Court Orders Home Health Care Company to Pay United States Nearly $2 Million in Damages in False Claims Case
Order and Verdict Issued Against Dynamic Visions, Inc.
WASHINGTON – A federal judge has entered a verdict in favor of the United States and against Dynamic Visions, Inc., and awarded the government $1.98 million in a False Claims Act case, in which the United States demonstrated that employees of the home health care company repeatedly and routinely falsified records to obtain funds from Medicaid.
The award was announced today by U.S. Attorney Jessie K. Liu, Andrew Vale, Assistant Director in Charge of the FBI’s Washington Field Office, and Nicholas DiGiulio, Special Agent in Charge of the U.S. Department of Health and Human Services, Office of Inspector General (HHS-OIG), for the region that includes Washington, D.C.
The decision was issued on Oct. 20, 2017, by the Honorable Colleen Kollar-Kotelly of the U.S. District Court for the District of Columbia.
Dynamic Visions, Inc., a corporation that was based in Bowie, Md., was a home health care company that did business in the District of Columbia and that also had a District of Columbia address. Under the Medicaid program, Dynamic Visions was initially approved to furnish elderly and disabled patients with assistance in the day-to-day activities of living, such as bathing, dressing, and taking needed medications. D.C. Medicaid, which is subsidized by the federal Medicaid program, paid for many of Dynamic Visions’ services for low-income patients.
In the fall of 2008, the District of Columbia’s Department of Health Care Finance discovered irregularities in Dynamic Visions’ records during a routine audit, and a team consisting of Special Agents from the FBI’s Washington Field Office and the U.S. Department of Health and Human Services Office of the Inspector General began an investigation. During the investigation, in December 2008, search warrants were executed on Dynamic Visions’ Washington, D.C. offices and the residence of Isaiah M. Bongam, the company’s owner.

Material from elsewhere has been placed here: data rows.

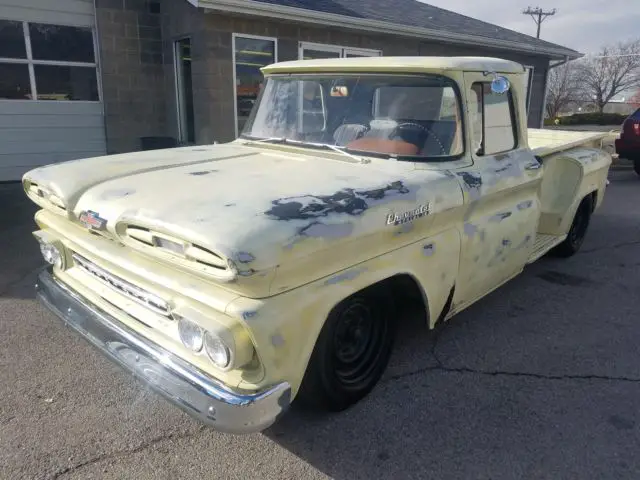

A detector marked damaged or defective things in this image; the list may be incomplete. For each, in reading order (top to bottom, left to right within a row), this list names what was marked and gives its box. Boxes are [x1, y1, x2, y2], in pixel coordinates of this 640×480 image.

cracked pavement [1, 170, 640, 480]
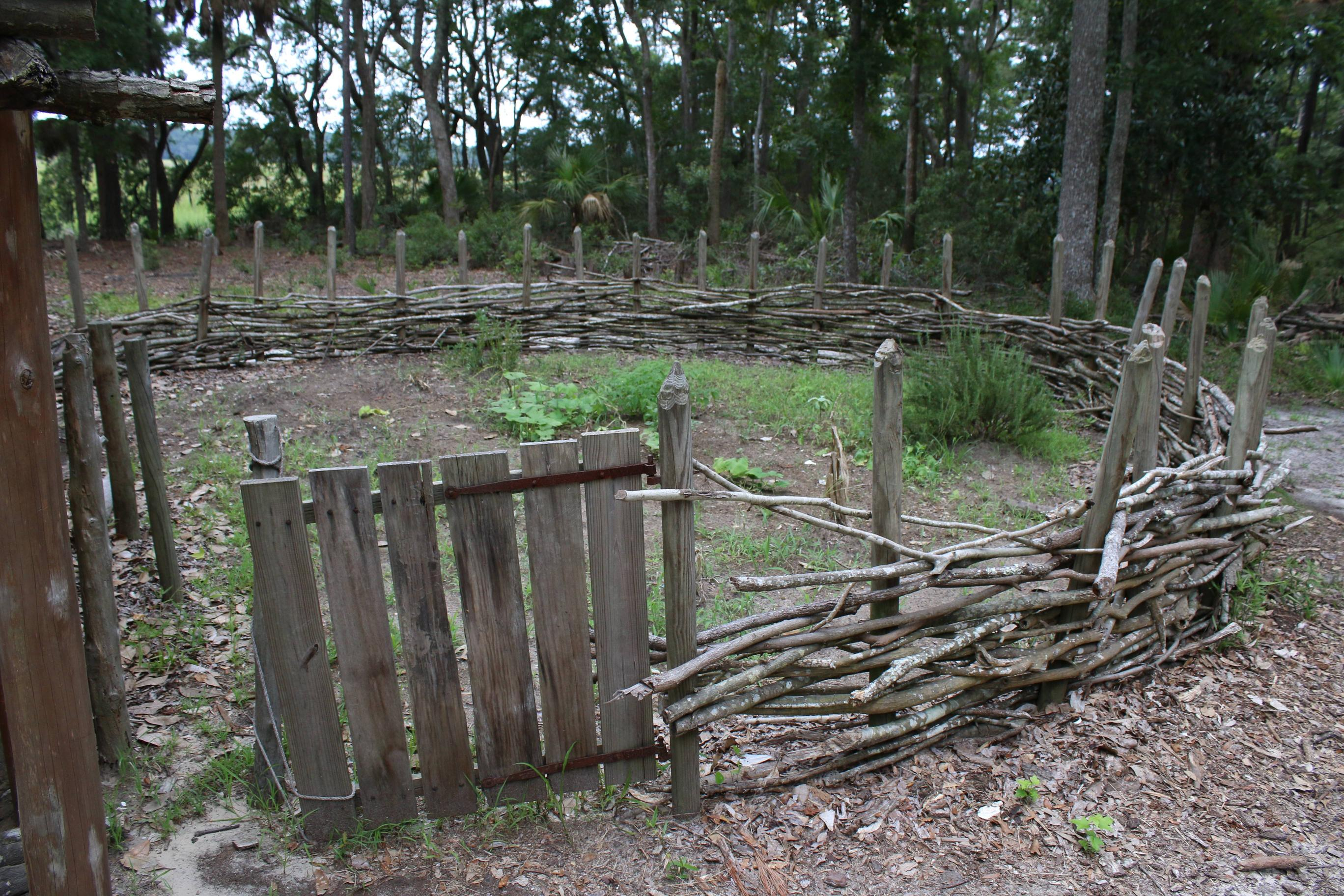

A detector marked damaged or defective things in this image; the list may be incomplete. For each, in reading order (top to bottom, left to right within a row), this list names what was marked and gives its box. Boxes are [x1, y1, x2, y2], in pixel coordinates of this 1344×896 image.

rusty hinge [443, 456, 658, 497]
rusty metal strap [443, 459, 658, 502]
rusty metal strap [476, 747, 669, 789]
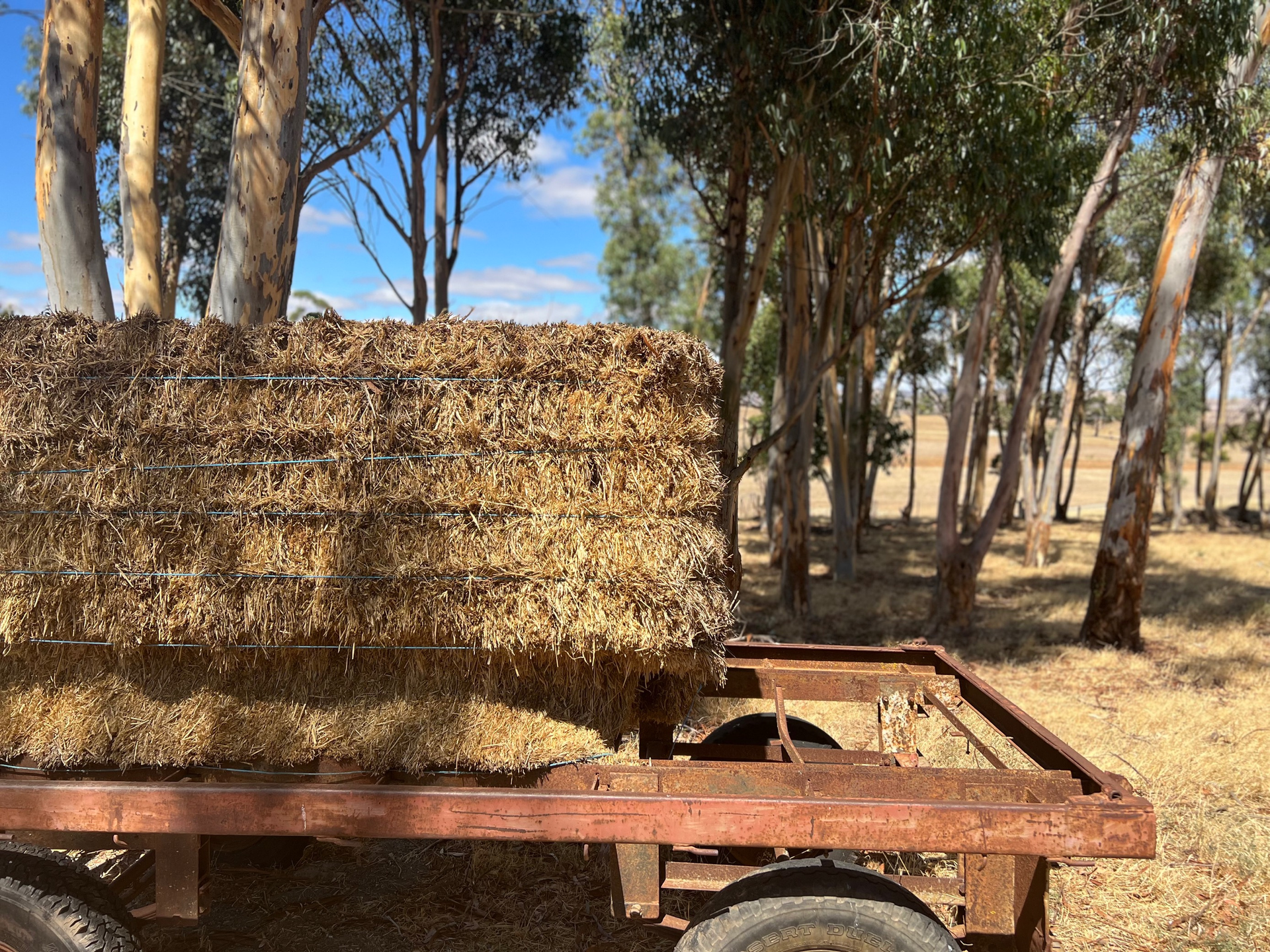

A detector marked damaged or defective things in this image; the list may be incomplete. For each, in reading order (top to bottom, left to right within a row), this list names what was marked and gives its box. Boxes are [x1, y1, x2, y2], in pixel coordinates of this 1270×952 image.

rusty metal trailer [0, 643, 1154, 947]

The documents collected confirmed that patient files did not contain physician authorizations, called “plans of care,” as required under applicable regulations; contained plans of care that were not signed by physicians or other qualified health care workers; or contained forged signatures in order to cover up the lack of a physician’s authorization. At the conclusion of the investigation, in April 2011, the United States filed a False Claims action in the U.S. District Court for the District of Columbia alleging a massive and routine pattern of fraud carried out between January 2006 and June 2009 by the employees of Dynamic Visions.
Judge Kollar-Kotelly earlier held that Bongam engaged in uncooperative and obstructive behavior when he failed to provide many of Dynamic Visions’ financial records to the United States, withdrew large sums of money out of Dynamic Visions’ business accounts after the government searched Dynamic Visions’ offices, and moved the funds to his own personal accounts, or to the accounts of his two other businesses that had no substantive connection to Dynamic Visions. Accordingly, the Court held that Dynamic Visions was merely an “alter ego” for its owner, and found Bongam to be liable for the conduct of Dynamic Visions.
In its decision to treble the initial $489,744 damages awarded to the United States under the False Claims Act, and to further impose an additional $11,000 civil penalty for each and every one of the 47 invoices at issue submitted by Dynamic Visions, Judge Kollar-Kotelly found that Dynamic Visions’ uncooperative and obstructive conduct during the investigation and the proceeding before the Court justified the trebling of damages and the imposition of the maximum civil penalty possible under the statute.
In announcing the award, U.S. Attorney Liu, Assistant Director in Charge Vale, and Special Agent in Charge DiGiulio commended the work of those who worked on the case from the FBI’s Washington Field Office, and the U.S. Department of Health and Human Services Office of Inspector General. They expressed appreciation for the assistance provided by the District of Columbia Office of the Attorney General and the Medicaid Fraud Control Unit of the District of Columbia Office of the Inspector General.
Finally, they acknowledged the efforts of those who worked on the case and brought it to trial from the U.S. Attorney’s Office, including Assistant U.S. Attorney Darrell C. Valdez and Paralegal Specialist Idongesit “Benji” Umo.
The lawsuit is captioned United States v. Dynamic Visions, Inc., Civil Action 11-cv-695 (D.D.C.).